* Activity:
Please repeat the records below exactly, skipping any pictures.

* Data to process:
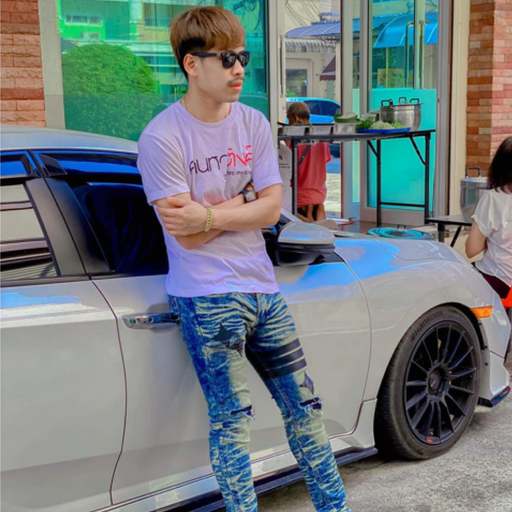 บังโค้ก อยากจะบอกว่ารักเธอออกนอกโลกเลย
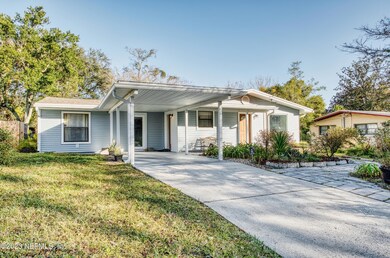 6833 Snow White Dr, Jacksonville, FL 32210 - photo 2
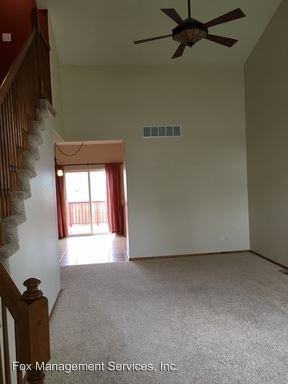 5705 Blue Mountain Cir - Photo 2 of 36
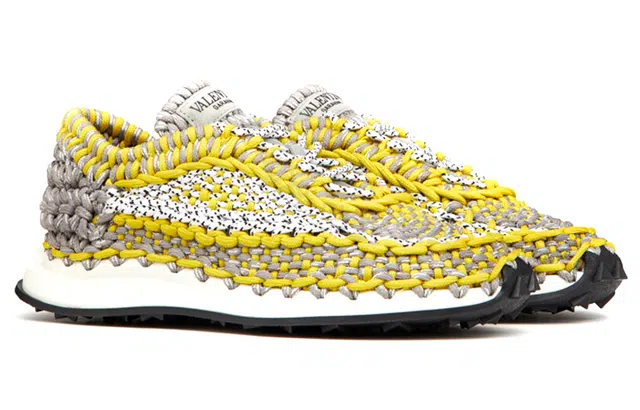 Valentino Crochet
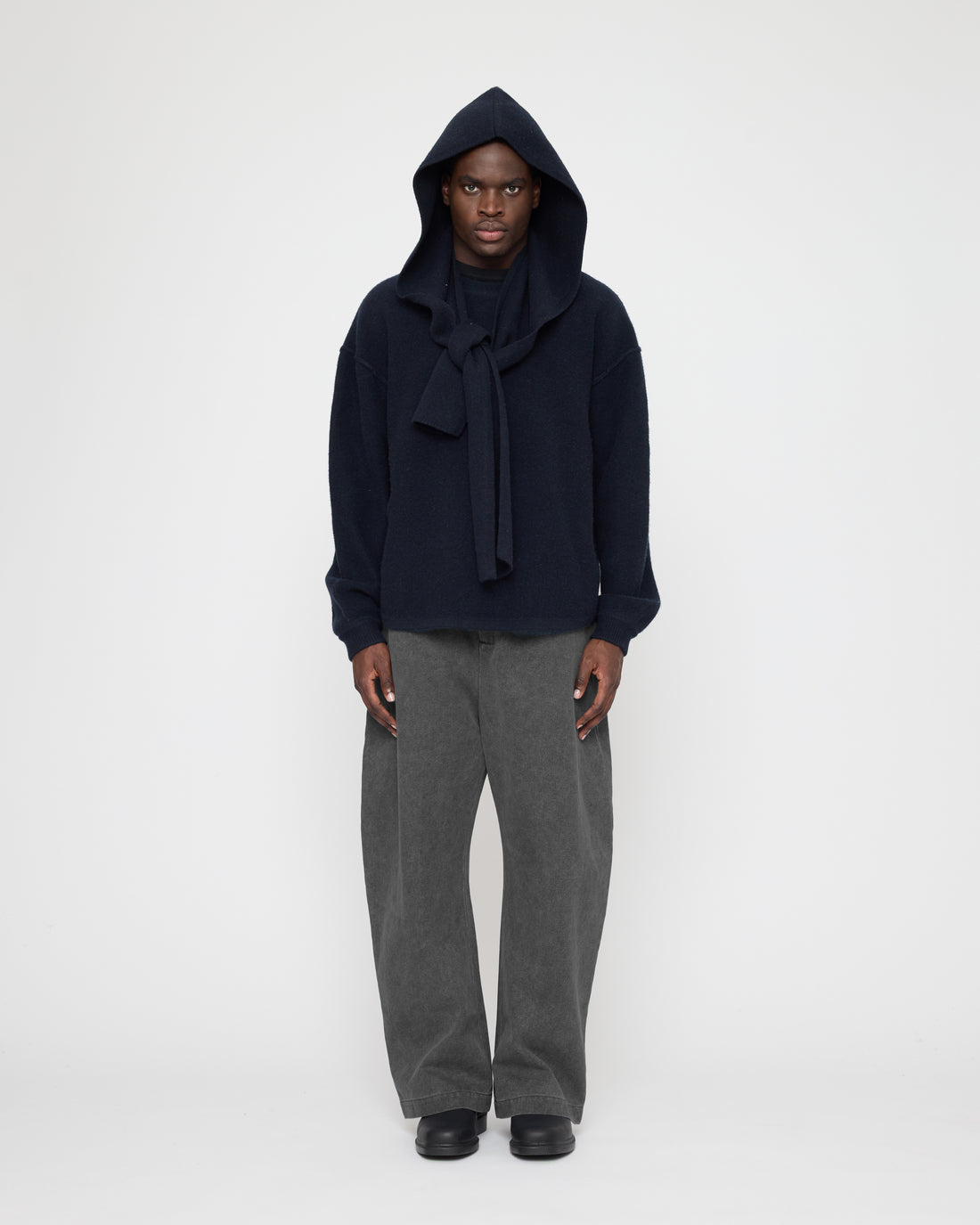 Hooded Scarf - FW26 - Navy Black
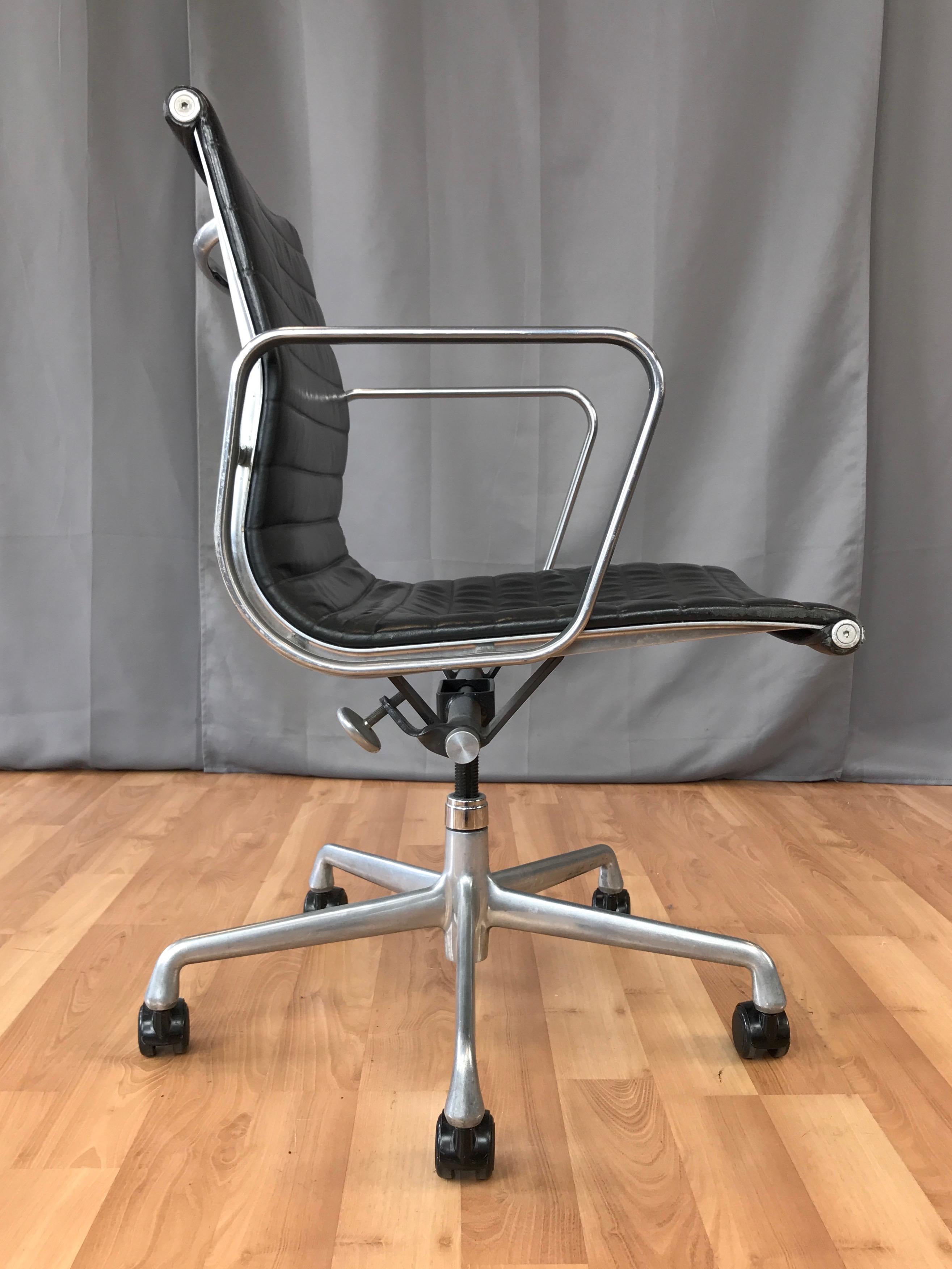 Contemporary Eames for Herman Miller 50th Anniversary Aluminum Group Management Chair (B)
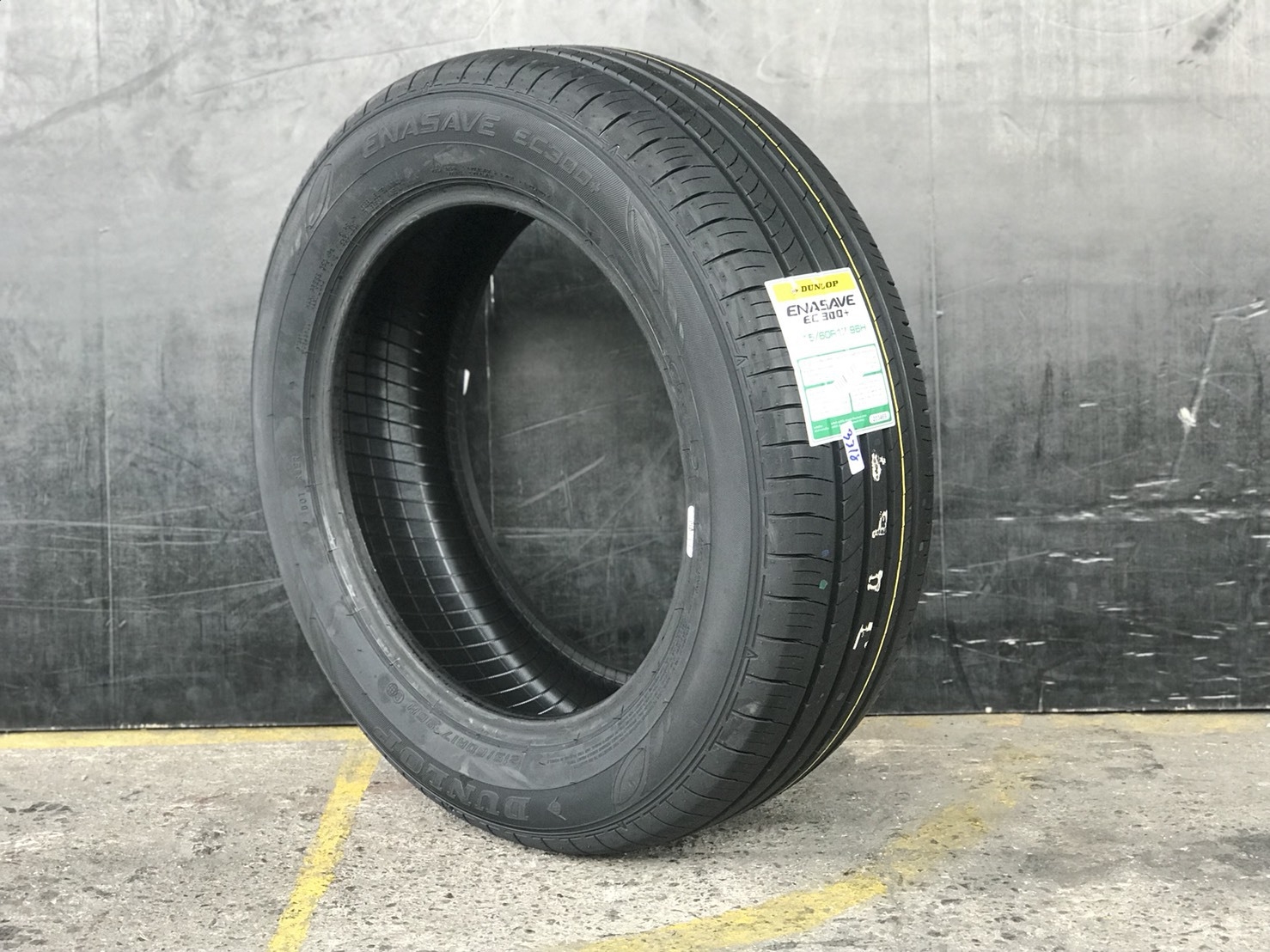 DUNLOP EC300+ 215/60-17 ราคาถูก ยางใหม่ปี18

* Response for this exercise:
 บังโค้ก อยากจะบอกว่ารักเธอออกนอกโลกเลย
 6833 Snow White Dr, Jacksonville, FL 32210 - photo 2
 5705 Blue Mountain Cir - Photo 2 of 36
 Valentino Crochet
 Hooded Scarf - FW26 - Navy Black
 Contemporary Eames for Herman Miller 50th Anniversary Aluminum Group Management Chair (B)
 DUNLOP EC300+ 215/60-17 ราคาถูก ยางใหม่ปี18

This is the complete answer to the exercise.